The Census Bureau addressed both problems with the release of the 1970 Public Use Samples (U.S. Bureau of the Census 1973a). The total sample size rose some sixty-five fold, to twelve million persons. In addition, the 1970 samples provided a variety of alternate geographic codes, although the Census Bureau still did not identify any places with a population of less than 250,000.
In conjunction with the 1970 public use samples, the Census Bureau released an expanded version of the 1960 public use sample, enlarging the sample density from 1 in 1000 to 1 in 100 (U.S. Bureau of the Census 1973b). The record layout and coding schemes of the new 1960 sample were reorganized to be virtually identical to those of the 1970 samples. This compatibility made it easy for investigators to pool data from 1960 and 1970, and thereby incorporate chronological change into their analyses.

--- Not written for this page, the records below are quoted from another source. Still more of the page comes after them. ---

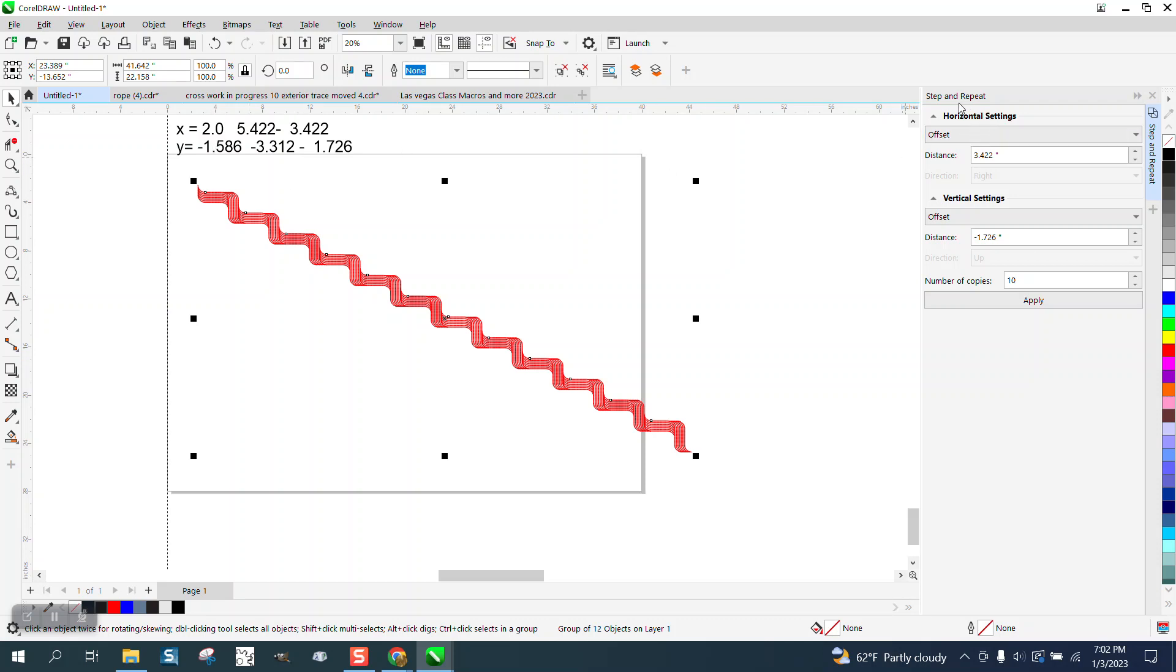Anyway, that's the step and repeat, pretty much to the max. Hope that helped, thank you for watching.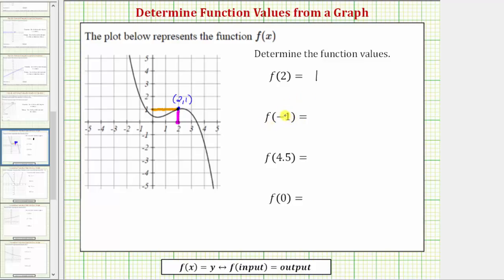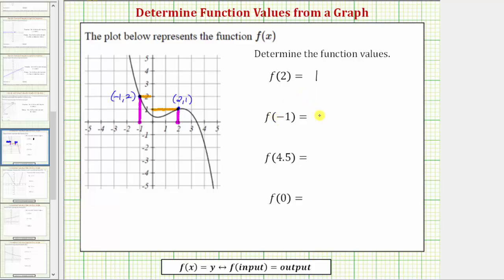Next, we want to find the value of f of negative one, so we want to find the output when the input is negative one. We locate negative one on the horizontal axis, which is here, then go straight up to the graph of the function, so we'd be at this point on the graph. To find the corresponding output, we go straight to the vertical axis from here. Notice how the output is positive two. The coordinates of this point are negative one comma two, which means when the input is negative one, the output is two. Therefore, f of negative one equals two.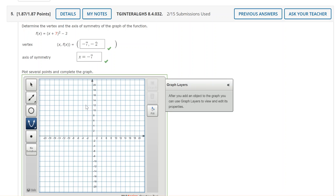So if I want to plot negative 7 negative 2, negative 7 will be between negative 6 and 8 and then I go down to negative 2 which is down just one unit and plot that point.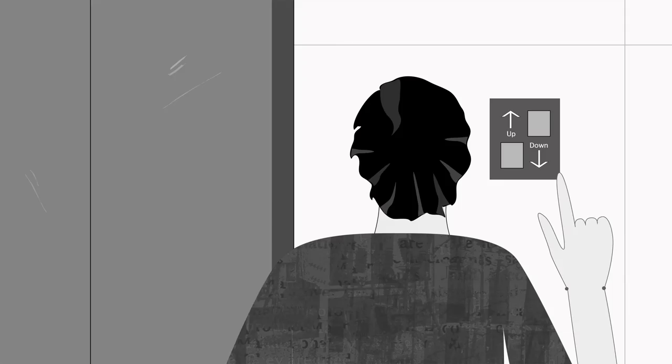Have a look at this elevator switch. How would a user know which button to press to go up?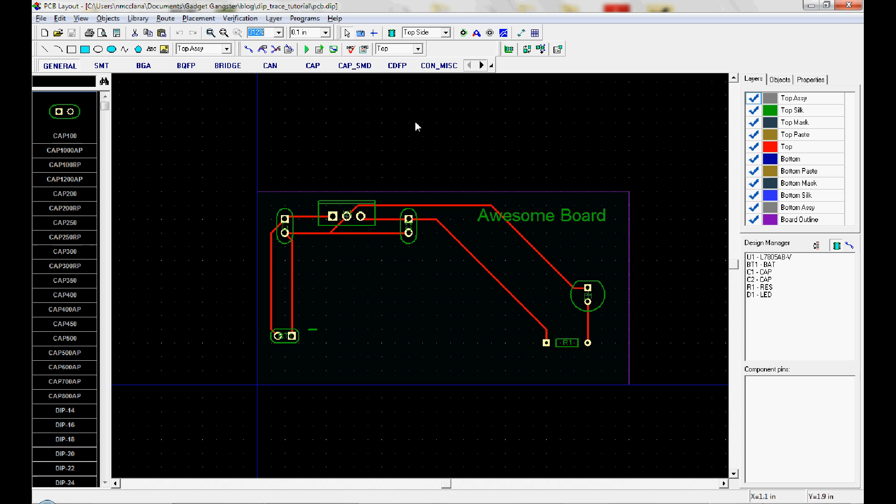Okay, we've laid out the board and in the tutorial before that we did the schematic. Now it's time to gather everything up and send it on to the board house for manufacturing.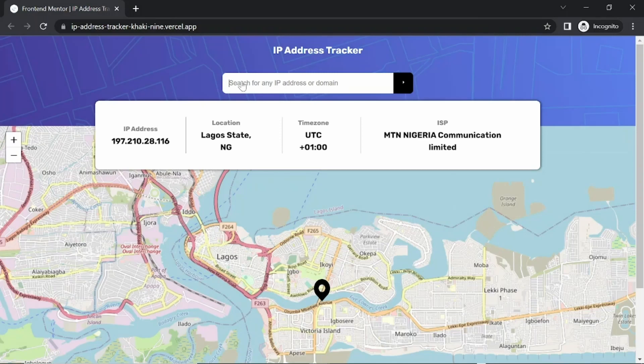Hello everyone, welcome to my channel. My name is Peter. Today we are going to finish off the second part of our IP address tracker. If this is your first time here, please go back to part one and watch that so you can follow along. There'll be a link to the first part in the top channel and also in the video description. Today we are going to finish the implementation of the map and the functionality for this IP address tracking project.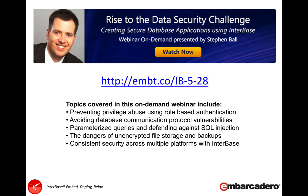Beyond this Interbase Labs, I definitely recommend looking at the 'Rise to the Data Security Challenge' webinar. You can find it at the short URL embt.co/IB-5-28. It takes you through a whole set of security elements around Interbase and is definitely worth a watch. Now let's get into IB Console and see how we can do some of the security work using the GUI.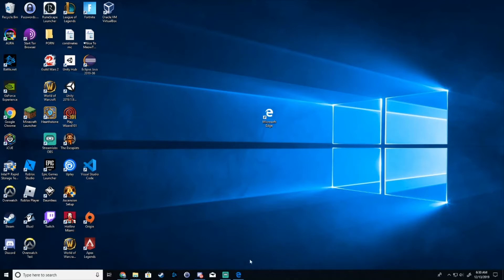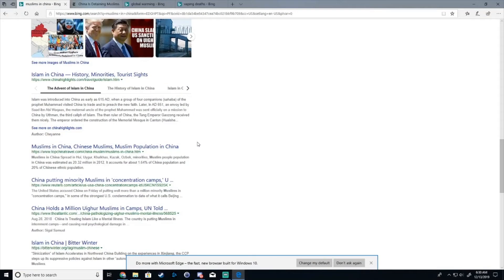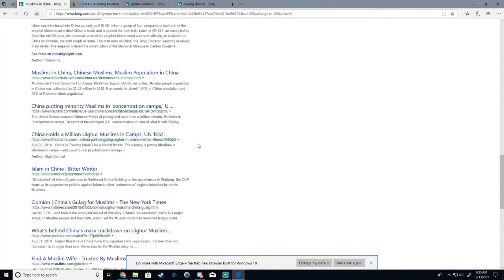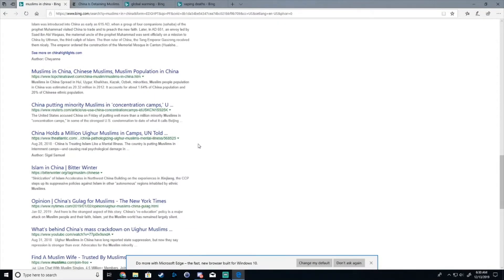Now the first thing you want to do is open up your browser using Microsoft Edge here and wait, huh?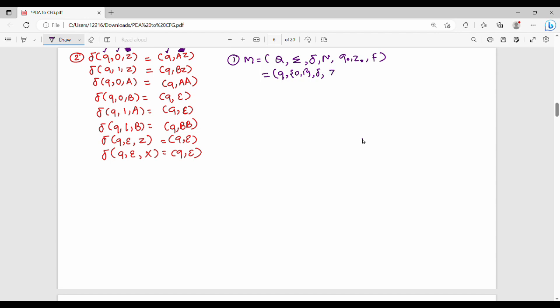The stack alphabet contains z, a, b, x — so these are the stack symbols. Then additionally q0, q0, z0, z0, f1. These form the components of the PDA definition.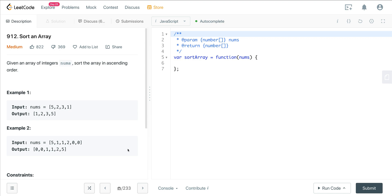Today we're looking at LeetCode 912, sort an array, and that's exactly what we're doing. The method we're going to use to sort this array is called quick sort. It's an efficient algorithm, it's an efficient way of sorting, but it is a bit complicated and it takes some time to wrap your head around how this algorithm works.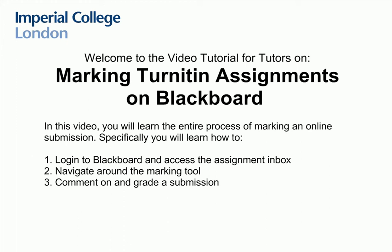Welcome to the video tutorial for tutors on how to mark Turnitin assignments on Blackboard. During this video, you will be taken through the entire process of accessing and marking a submission. Specifically, you will learn how to login to Blackboard and access the assignment inbox, navigate around the marking tool, and comment on and grade a submission. We hope you find this video useful.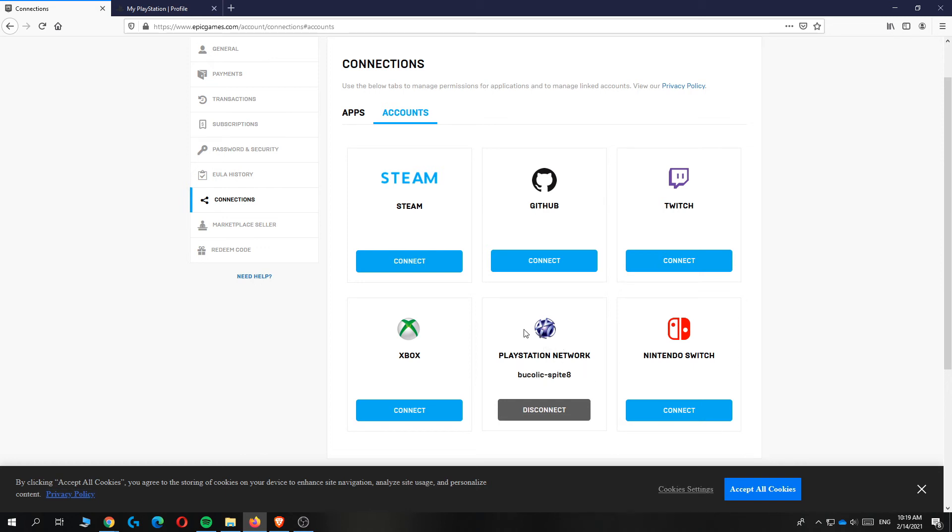When you play a game from Epic Games like Fortnite you can see that it has been added to PlayStation Network.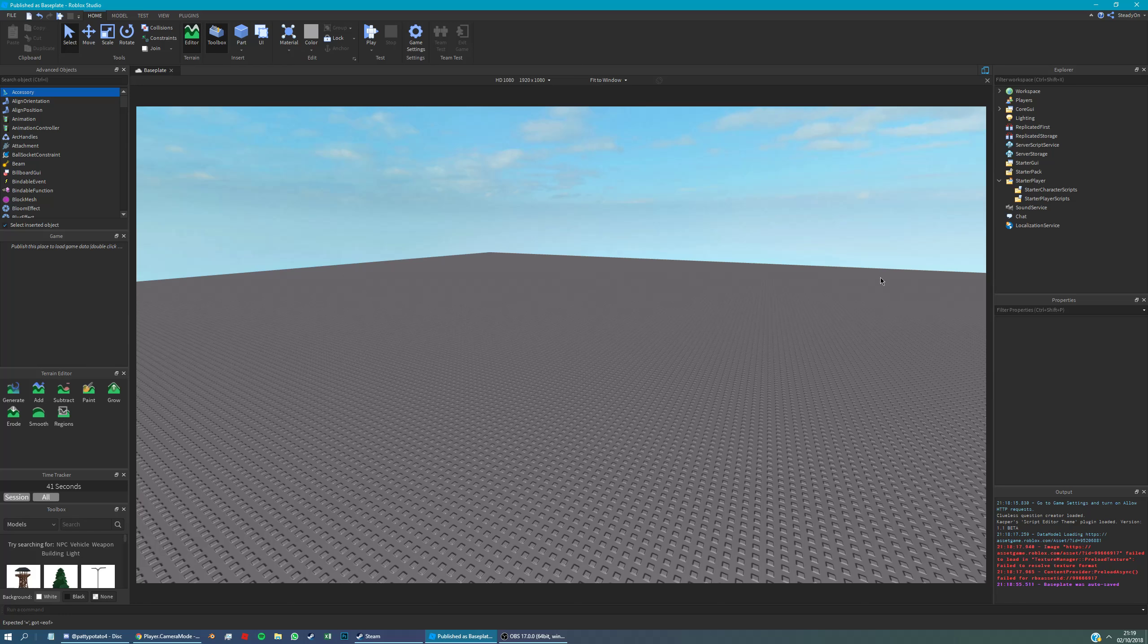Hey, welcome to another 60 second scripting tutorial. This tutorial is going to be on making first person permanently enforced in your game.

By the late 1970s, the public use samples from the 1960 and 1970 censuses had become essential tools of American social science. It was in this climate that two separate teams of researchers independently came up with the idea of extending the series backwards by creating historical public use samples for earlier census years. Samuel Preston directed projects at the University of Washington and the University of Pennsylvania to produce a 1-in-750 sample of the 1900 census and a 1-in-250 sample of the 1910 census (Graham 1980; Strong et. al. 1989). Meanwhile, Halliman Winsborough and a group of other demographers at the University of Wisconsin in collaboration with the Census Bureau created 1-in-100 samples for the census years 1940 and 1950 (U.S. Bureau of the Census 1984a, 1984b). But Preston and Winsborough both suffered federal budget cuts and both ran out of money.
All four historical census files were eventually completed, but not without strain. In the mid-1980s, the future looked dim for historical public use samples of the census. The 1900, 1940, and 1950 samples had all become available by 1984, but they failed to attract the scholarly interest that had been envisioned by their creators. The 1910 sample, which did eventually stimulate a great deal of research, was far behind schedule. Both Preston and Winsborough decided they had done enough.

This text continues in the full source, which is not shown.